Print nothing beyond the line with "Relaxdays 24 svirtele": every line from the beginning of the data up to it, that line included, and no pictures.

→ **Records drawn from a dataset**
---------------

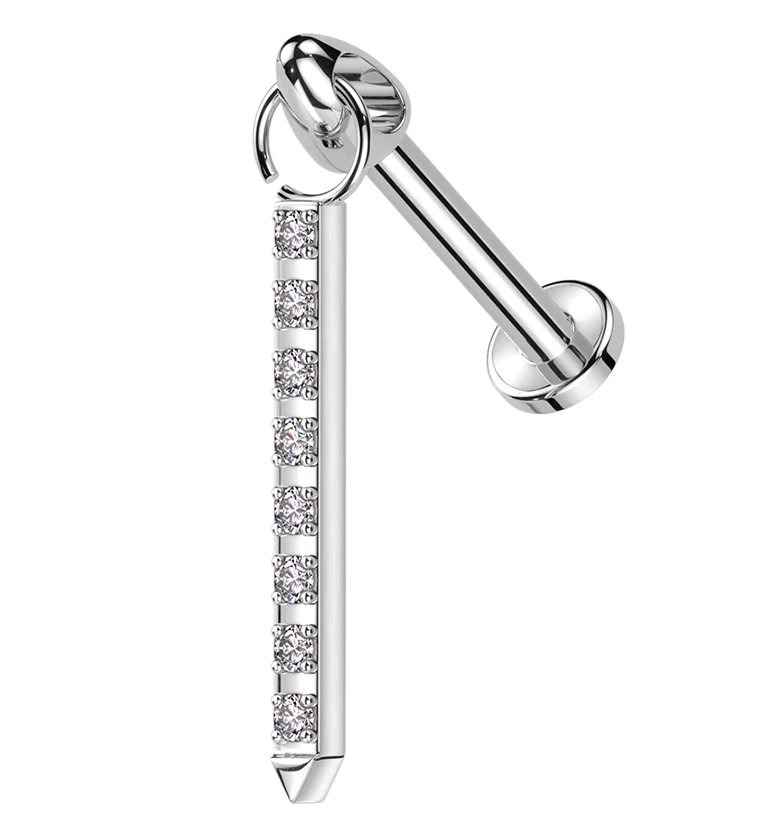 Pave Clear CZ Dangle Post Internally Threaded Titanium Labret - Mrs Treak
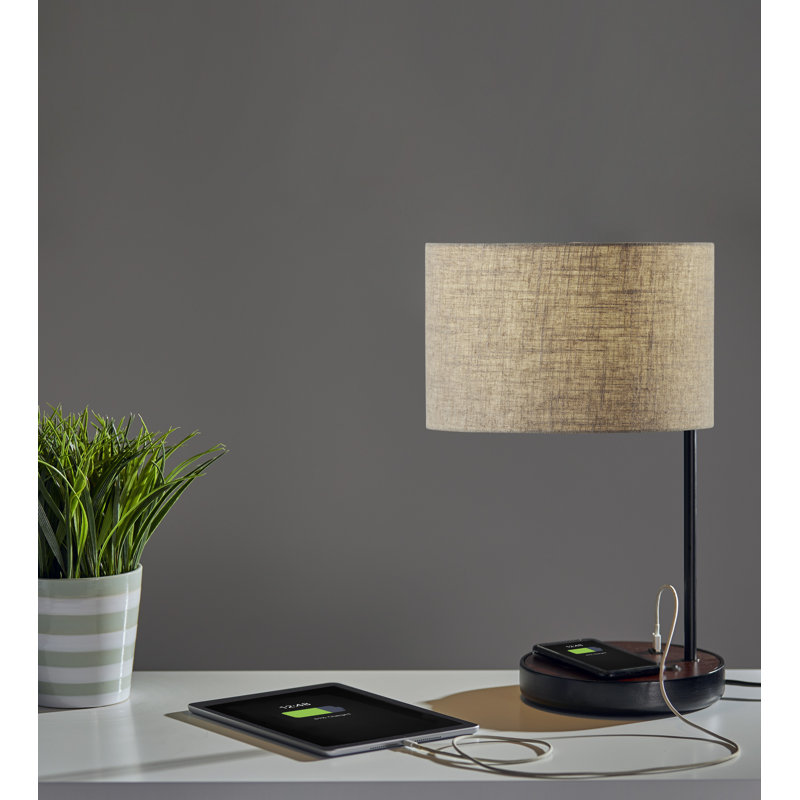 Lampe de table noire 19,5 "avec USB Bourke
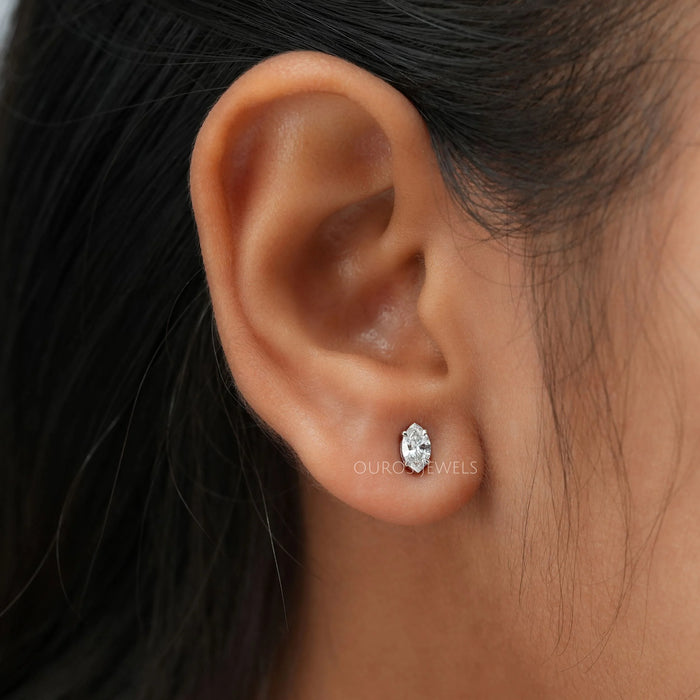 Marquise Cut Lab Grown Diamond Stud Earrings
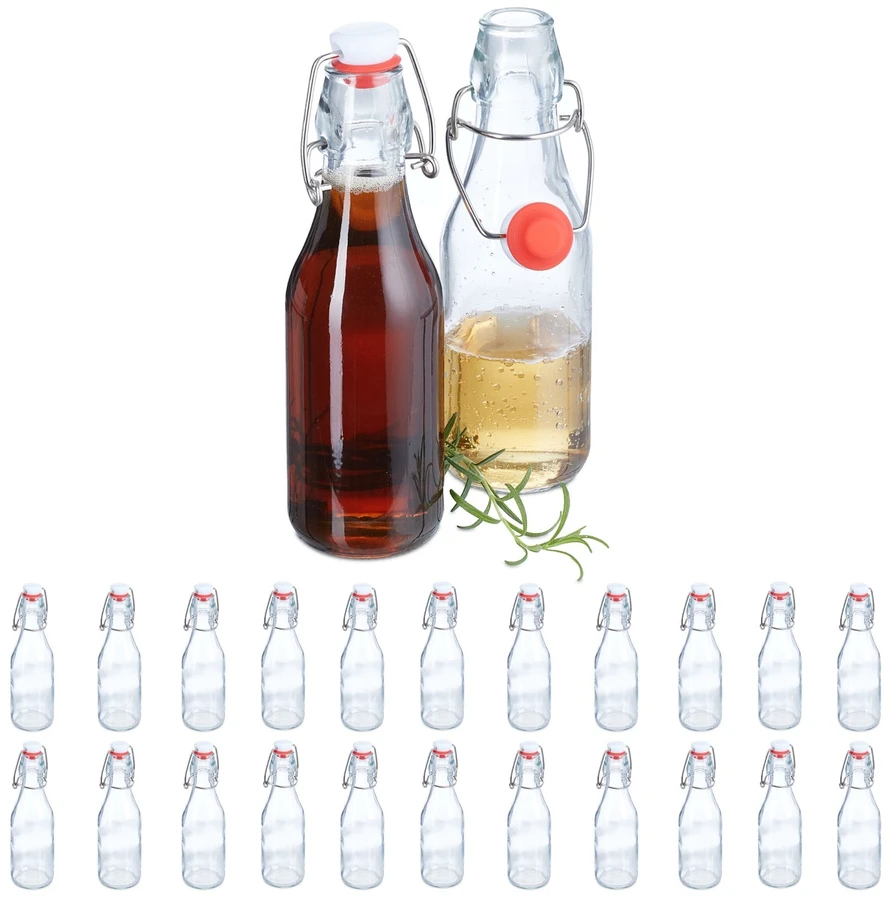 Relaxdays 24 svirtele uždaromų buteliukų rinkinys 250 ml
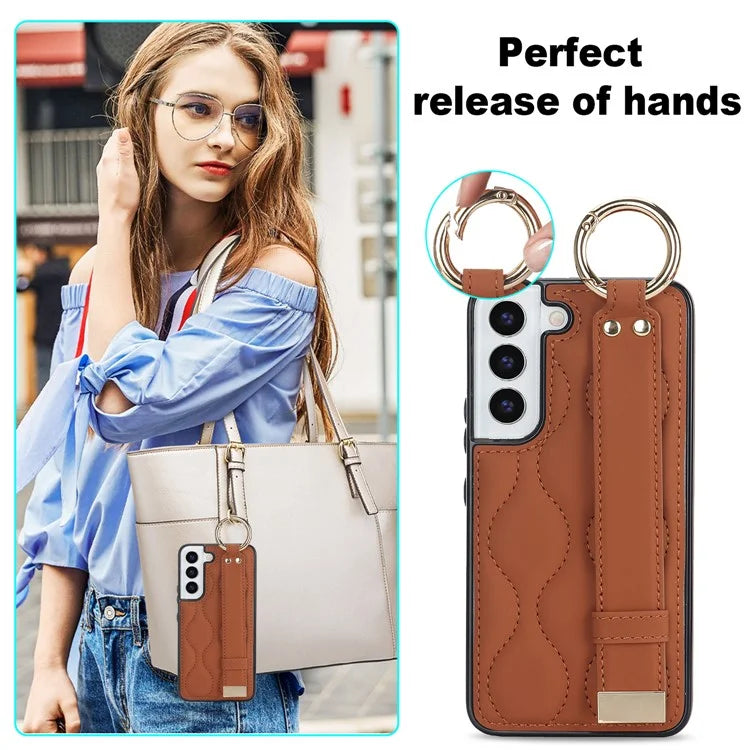 For Samsung Galaxy S22+ 5G Cell Phone Case Wristband Kickstand Drop Resistant Wave Pattern Cover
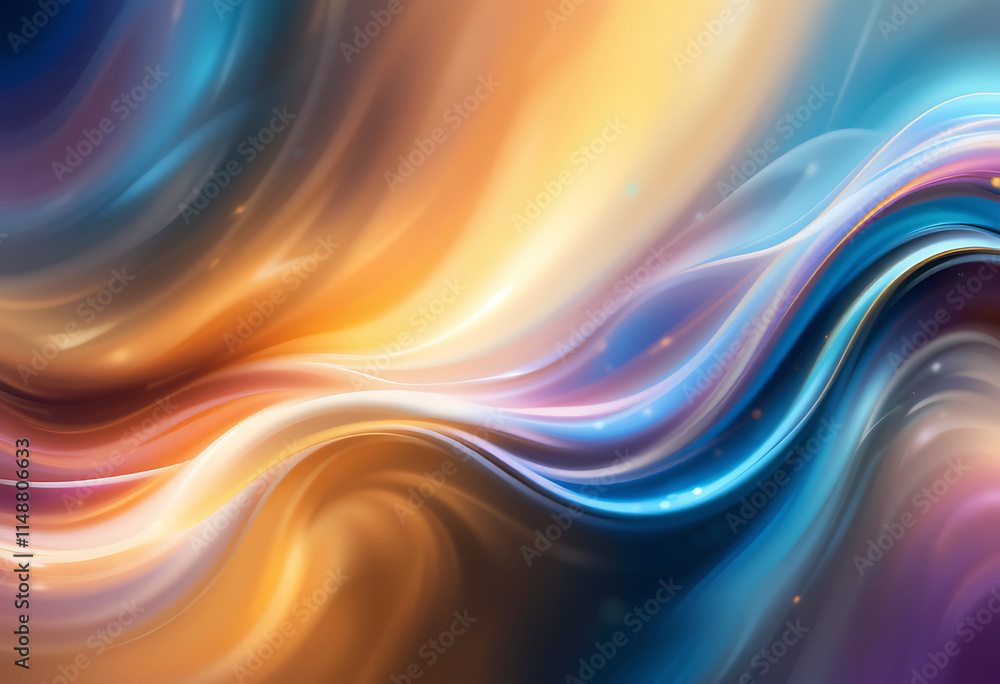 Obraz premium Fluid waves with gradient transitions, seamless flowing abstract background design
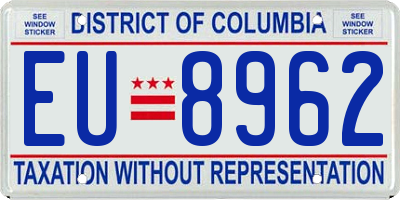 DC license plate EU8962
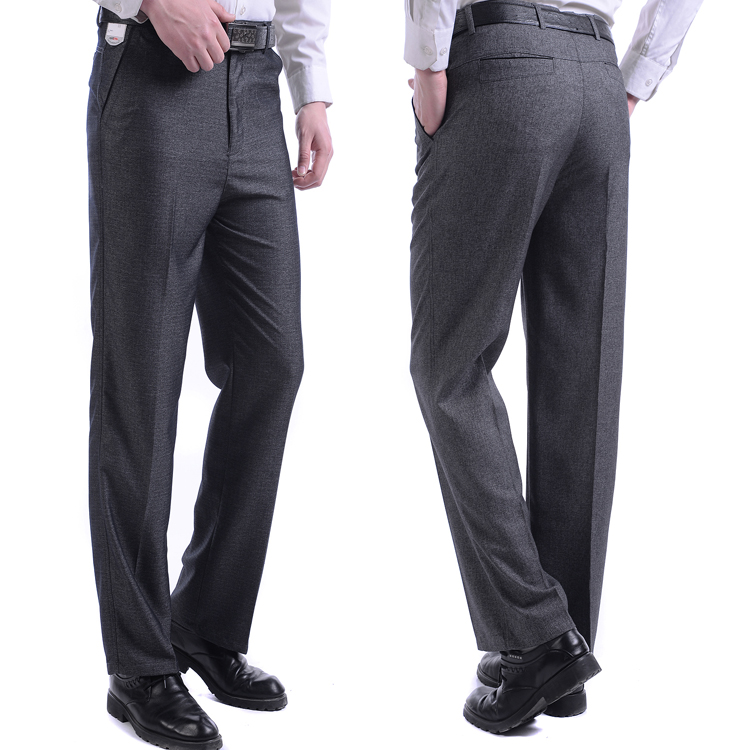 2015新款男士西裤 中年夏季商务正装薄款西装裤 桑蚕丝免烫西裤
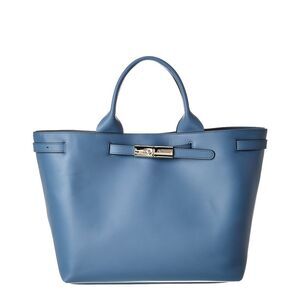 Longchamp Le Smart Leather Tote, Grey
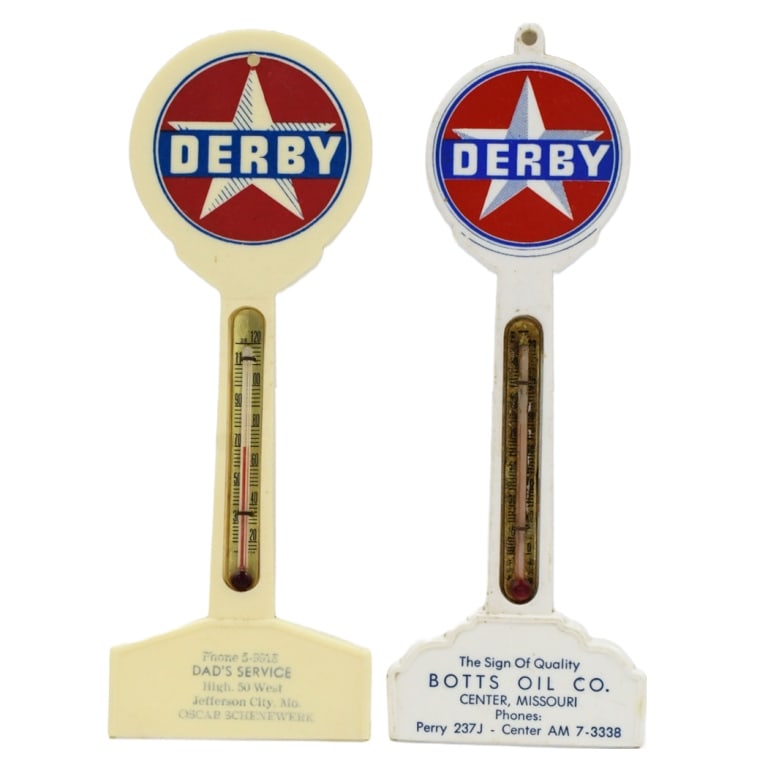 (2) Derby Gas Station Pole Sign Thermometers (1 of 6)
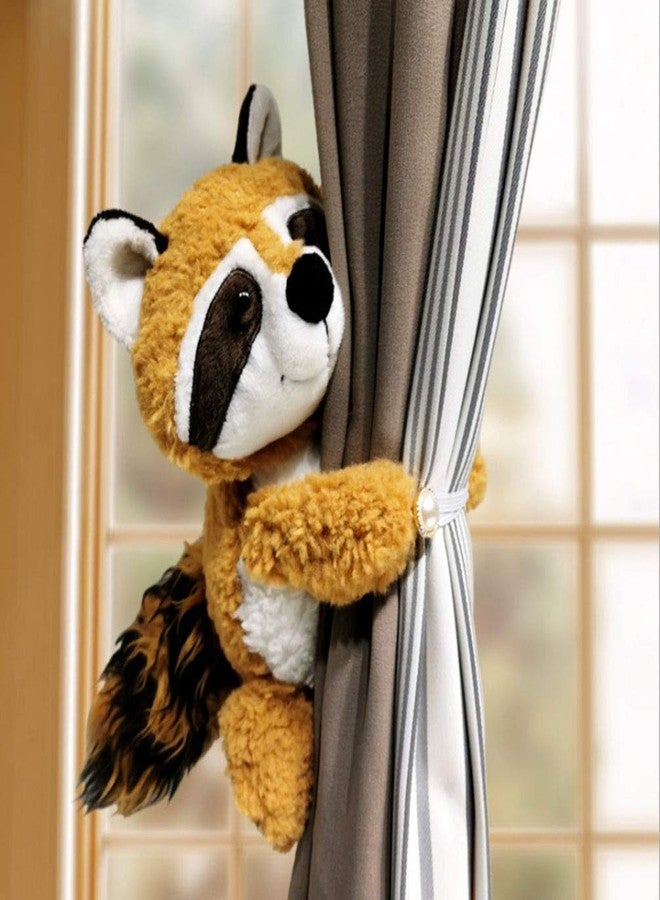 Cciphy 1 Pair Cartoon Curtain Tiebacks Raccoon Window Curtain Hook Curtain Clips Buckle Cute Animal Tieback Buckle Hook Fastener for Living Room Bedroom Curtain (Raccoons C) - Image 4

---------------

→ **Your response**
 Pave Clear CZ Dangle Post Internally Threaded Titanium Labret - Mrs Treak
 Lampe de table noire 19,5 "avec USB Bourke
 Marquise Cut Lab Grown Diamond Stud Earrings
 Relaxdays 24 svirtele uždaromų buteliukų rinkinys 250 ml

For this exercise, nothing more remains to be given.